### [What you should do]
An exact copy of every record is needed, with the pictures left out.

### [Dataset content]

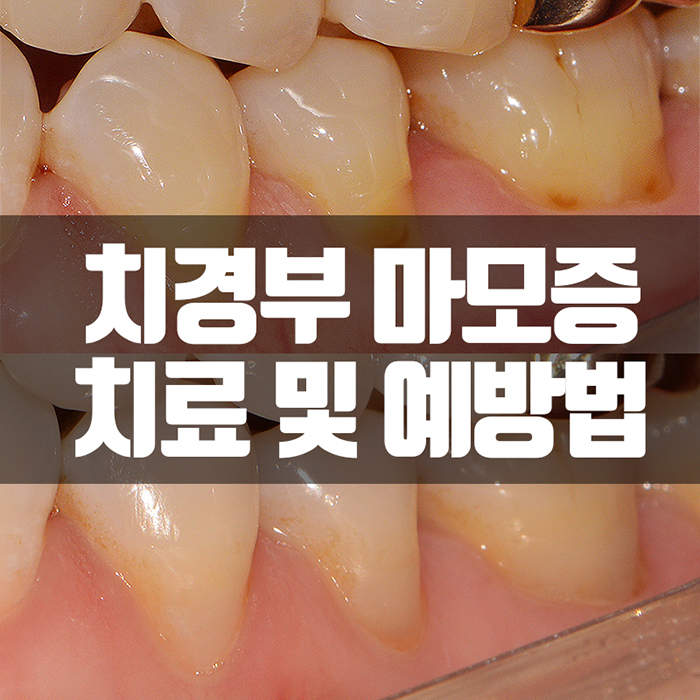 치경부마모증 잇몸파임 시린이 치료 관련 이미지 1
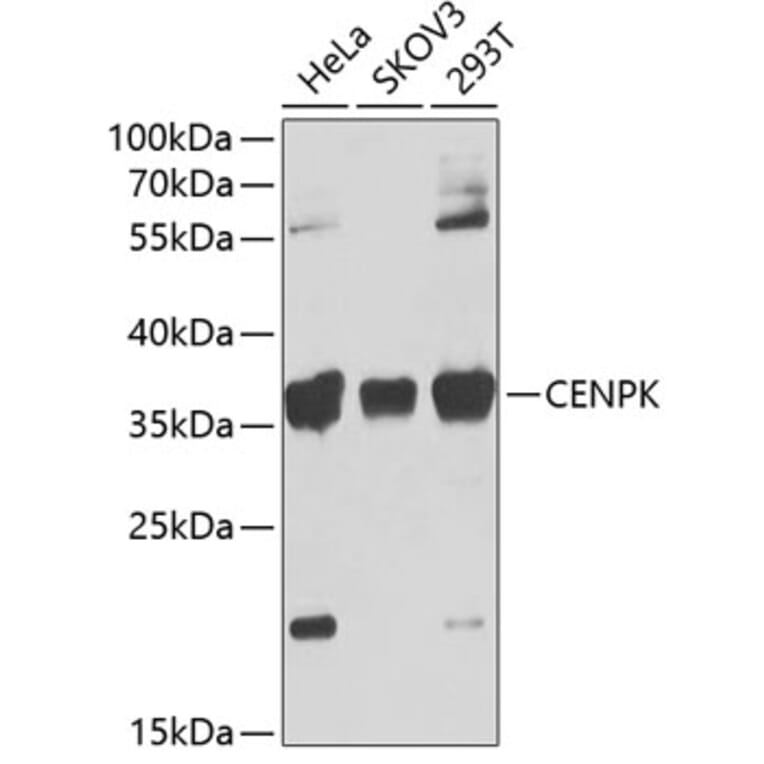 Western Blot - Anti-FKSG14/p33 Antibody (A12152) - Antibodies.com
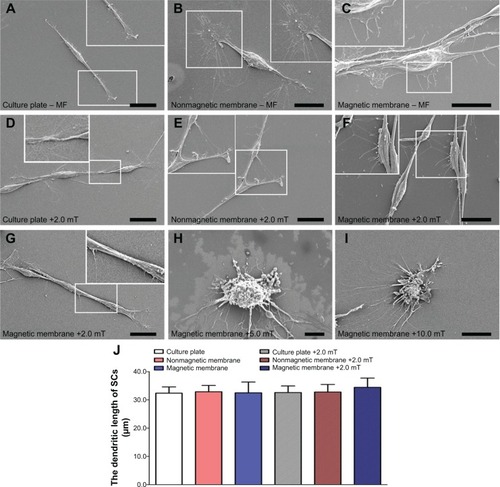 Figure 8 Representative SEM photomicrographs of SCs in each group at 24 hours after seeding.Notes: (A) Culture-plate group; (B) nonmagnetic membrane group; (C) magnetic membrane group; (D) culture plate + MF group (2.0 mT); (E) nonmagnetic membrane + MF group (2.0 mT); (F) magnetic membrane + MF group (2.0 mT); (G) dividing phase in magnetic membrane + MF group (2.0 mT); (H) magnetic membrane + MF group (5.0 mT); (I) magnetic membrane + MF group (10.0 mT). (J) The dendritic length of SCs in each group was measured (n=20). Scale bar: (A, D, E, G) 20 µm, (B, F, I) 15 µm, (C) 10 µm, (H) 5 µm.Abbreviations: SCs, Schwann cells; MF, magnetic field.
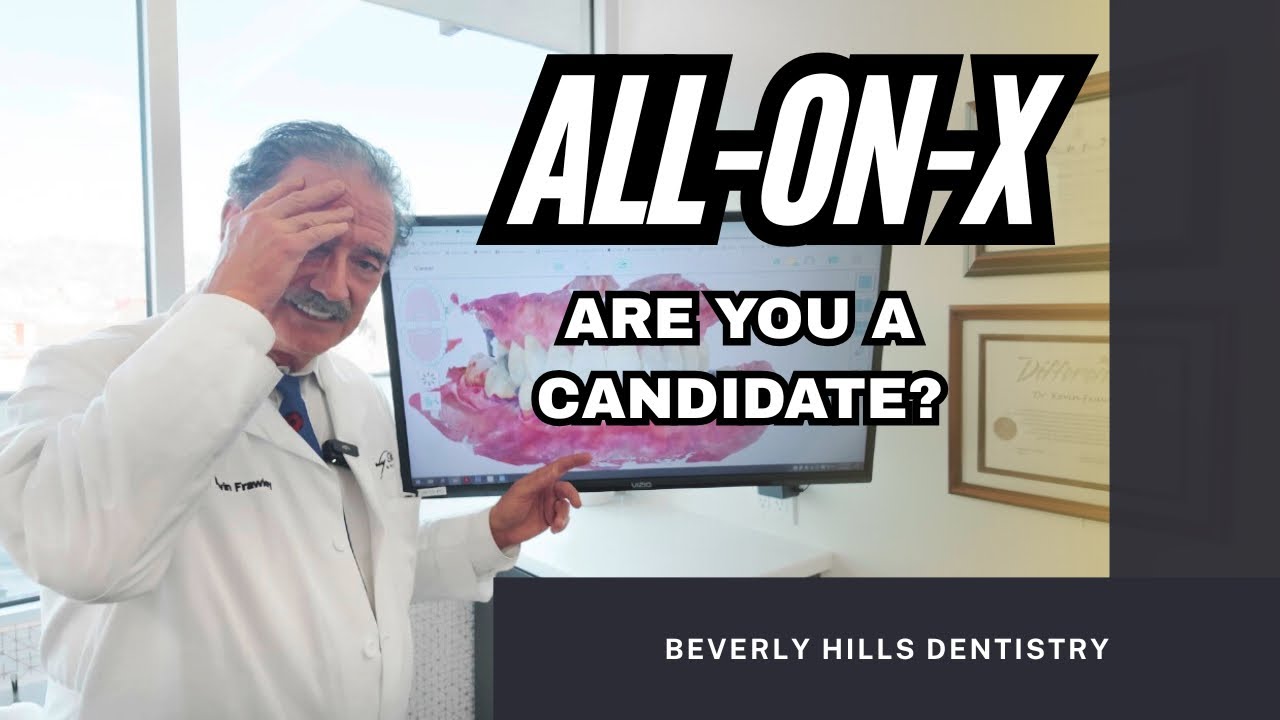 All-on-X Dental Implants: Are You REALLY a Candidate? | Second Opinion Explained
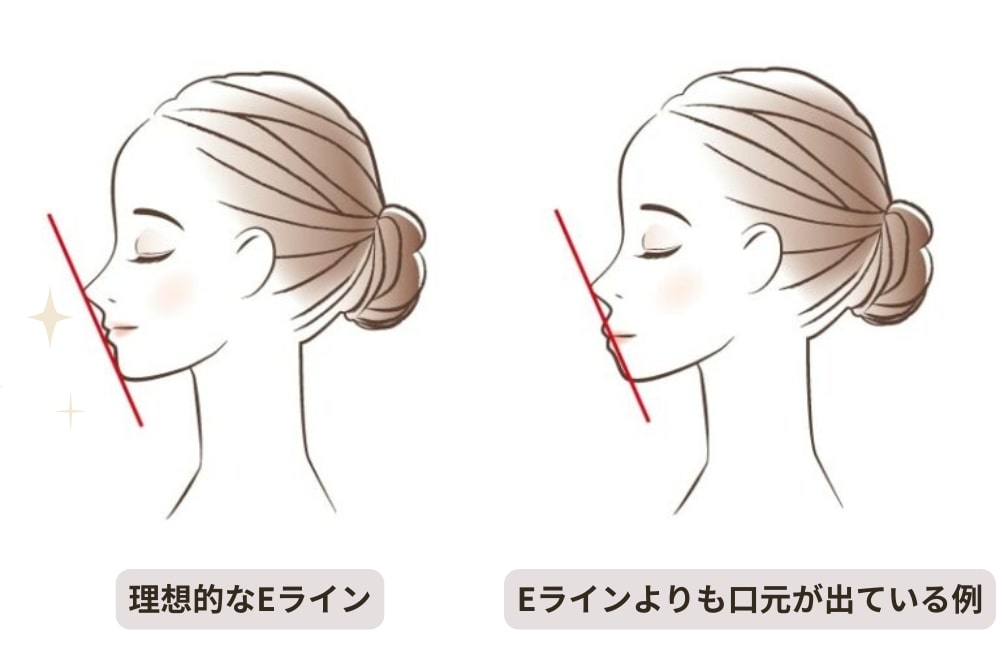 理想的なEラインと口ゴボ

### [Written solution]
 치경부마모증 잇몸파임 시린이 치료 관련 이미지 1
 Western Blot - Anti-FKSG14/p33 Antibody (A12152) - Antibodies.com
 Figure 8 Representative SEM photomicrographs of SCs in each group at 24 hours after seeding.Notes: (A) Culture-plate group; (B) nonmagnetic membrane group; (C) magnetic membrane group; (D) culture plate + MF group (2.0 mT); (E) nonmagnetic membrane + MF group (2.0 mT); (F) magnetic membrane + MF group (2.0 mT); (G) dividing phase in magnetic membrane + MF group (2.0 mT); (H) magnetic membrane + MF group (5.0 mT); (I) magnetic membrane + MF group (10.0 mT). (J) The dendritic length of SCs in each group was measured (n=20). Scale bar: (A, D, E, G) 20 µm, (B, F, I) 15 µm, (C) 10 µm, (H) 5 µm.Abbreviations: SCs, Schwann cells; MF, magnetic field.
 All-on-X Dental Implants: Are You REALLY a Candidate? | Second Opinion Explained
 理想的なEラインと口ゴボ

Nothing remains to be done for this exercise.